#### Task statement
Output the listing below verbatim, without images.

#### Collected material
--

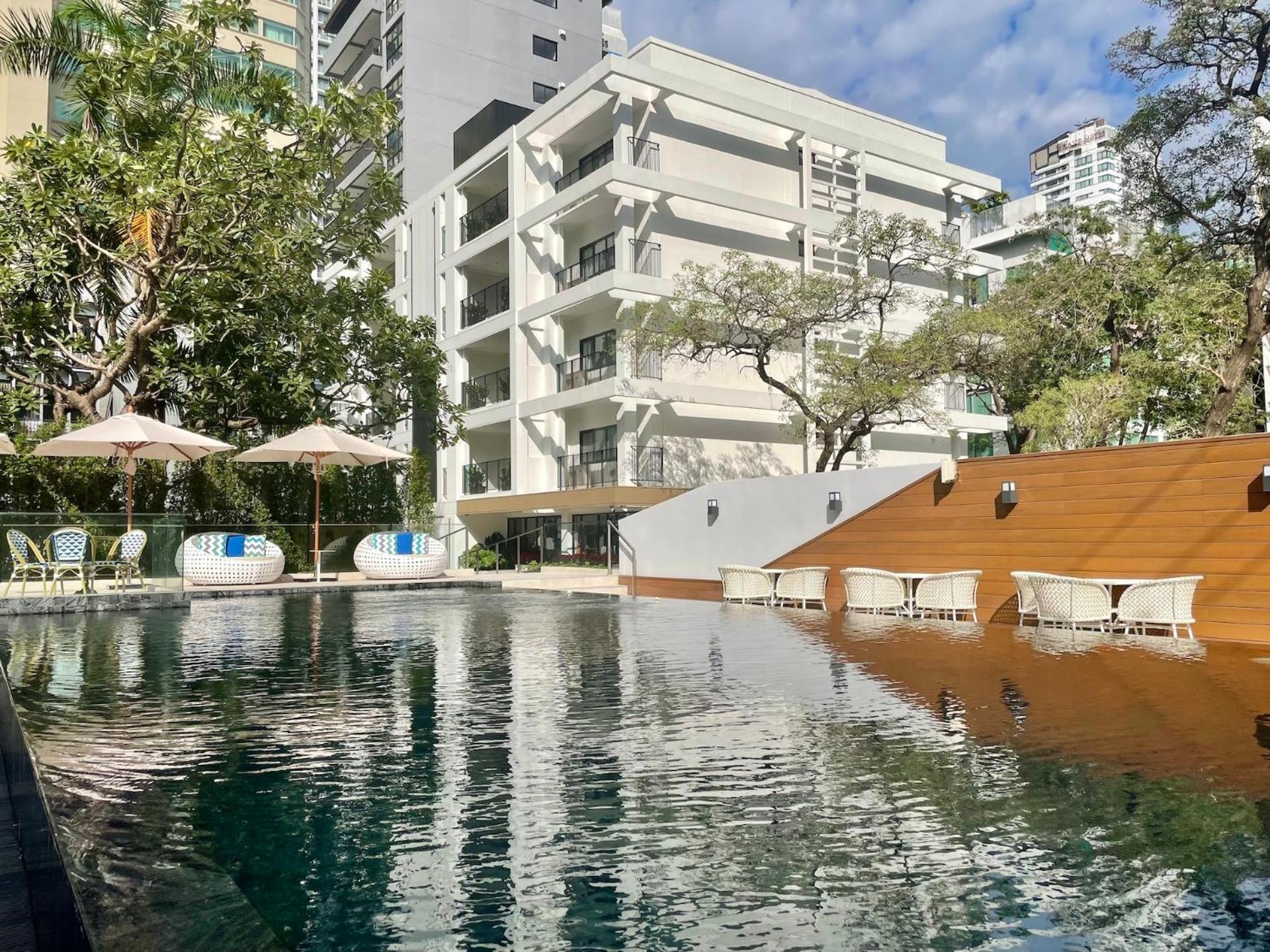 Floral Court & Sukhumvit 13 Hotel 4*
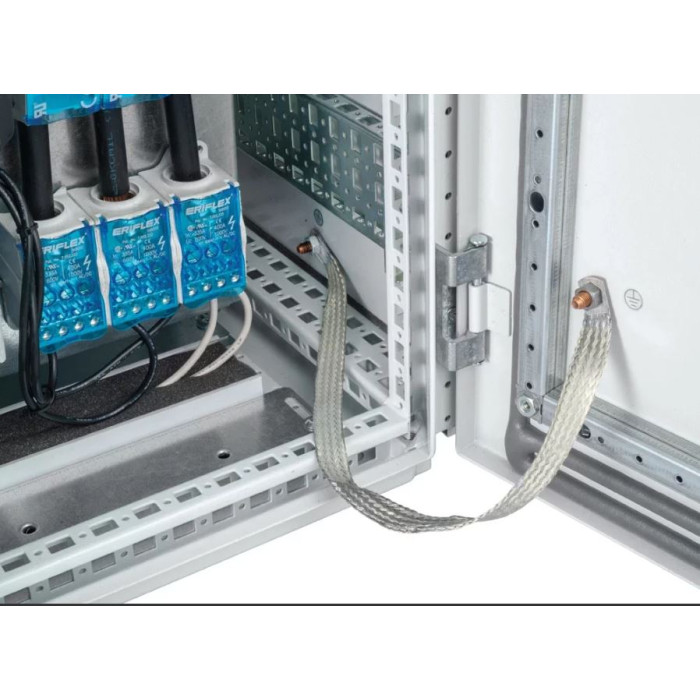 Силова плетена шина nVent Eriflex MBJ 10-200-6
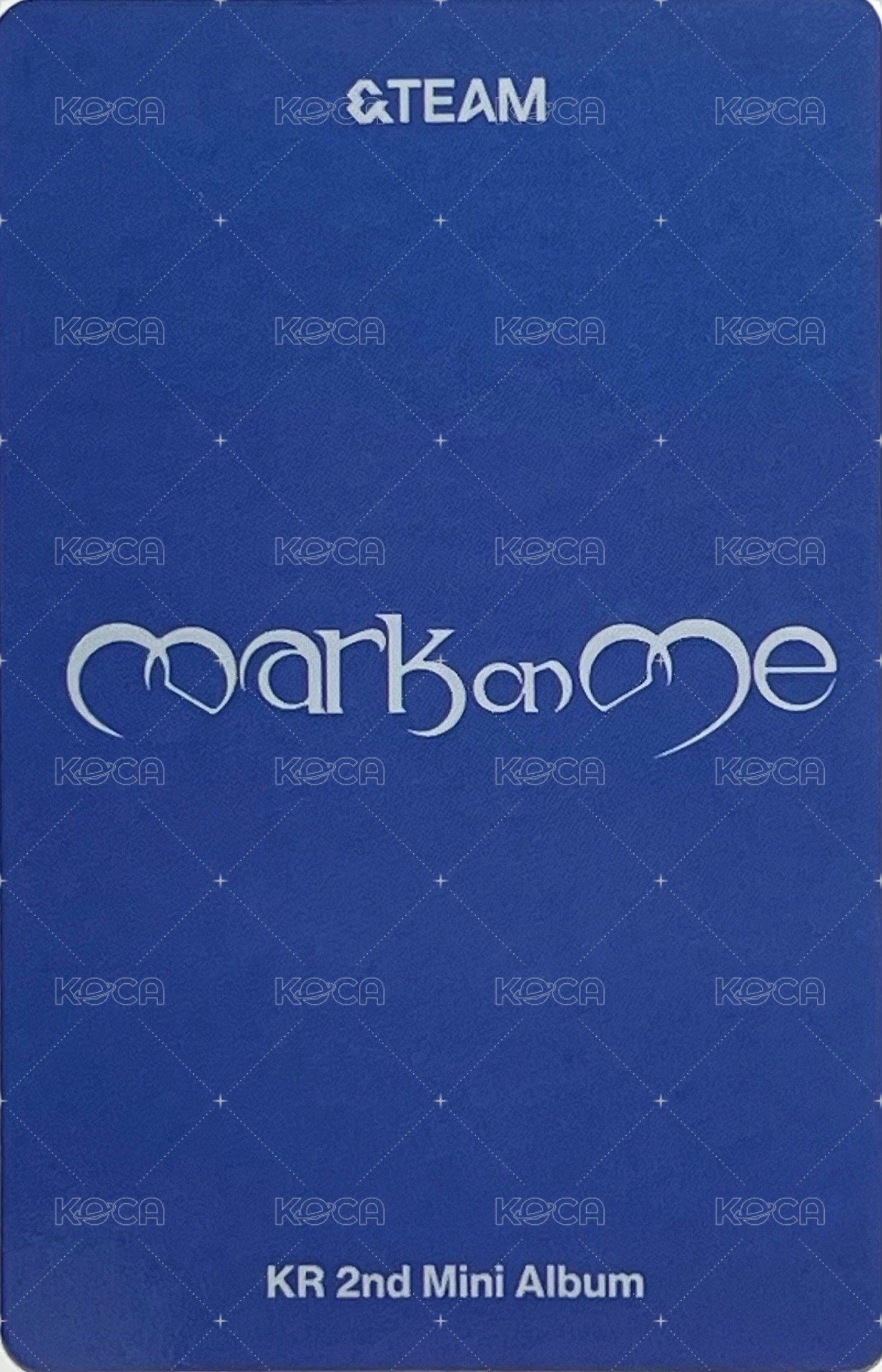 MOM target POB card  Back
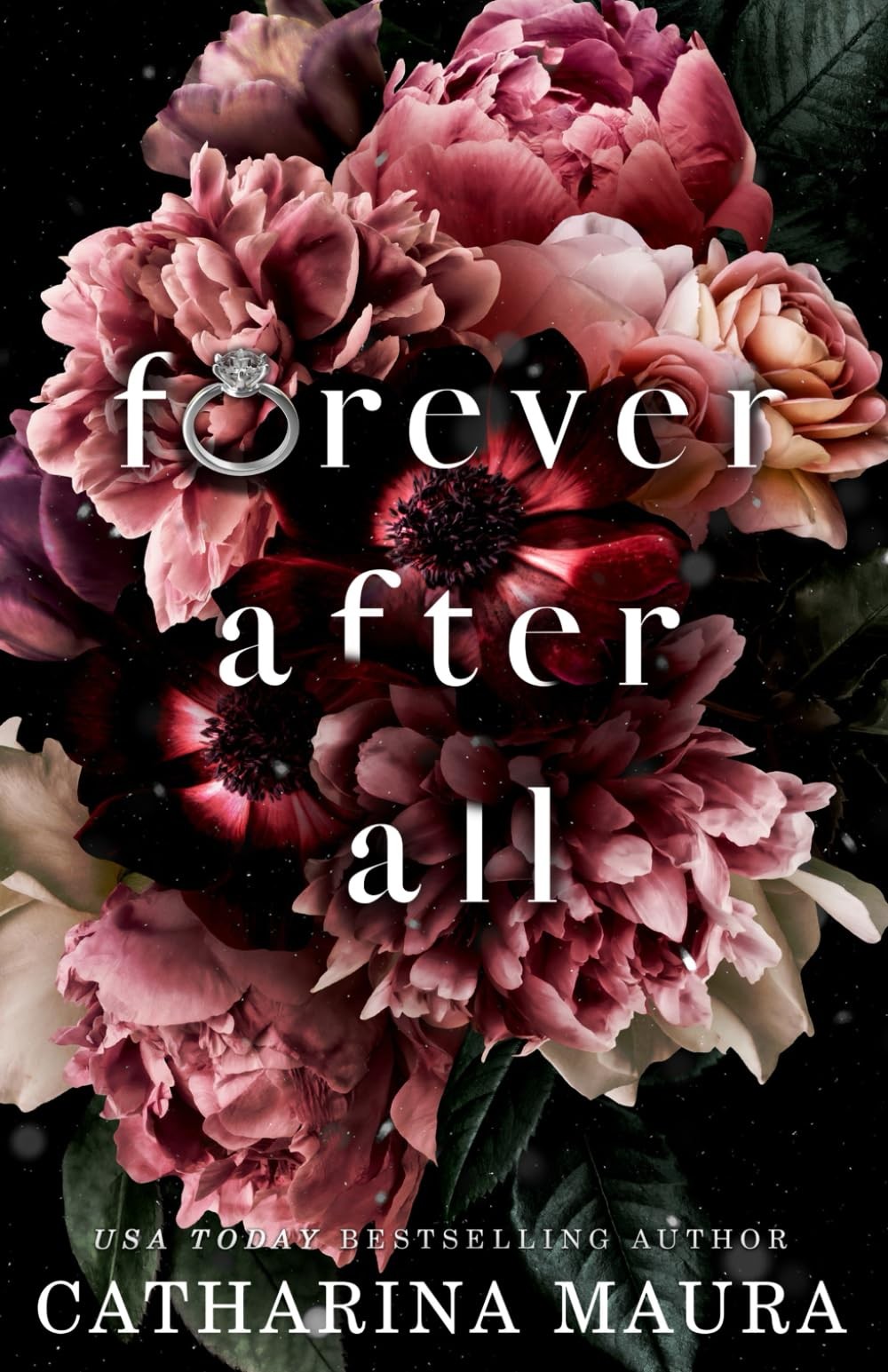Forever After All: A Billionaire Marriage of Convenience Novel (Stolen Momen…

--

#### Output of the task
 Floral Court & Sukhumvit 13 Hotel 4*
 Силова плетена шина nVent Eriflex MBJ 10-200-6
 MOM target POB card  Back
Forever After All: A Billionaire Marriage of Convenience Novel (Stolen Momen…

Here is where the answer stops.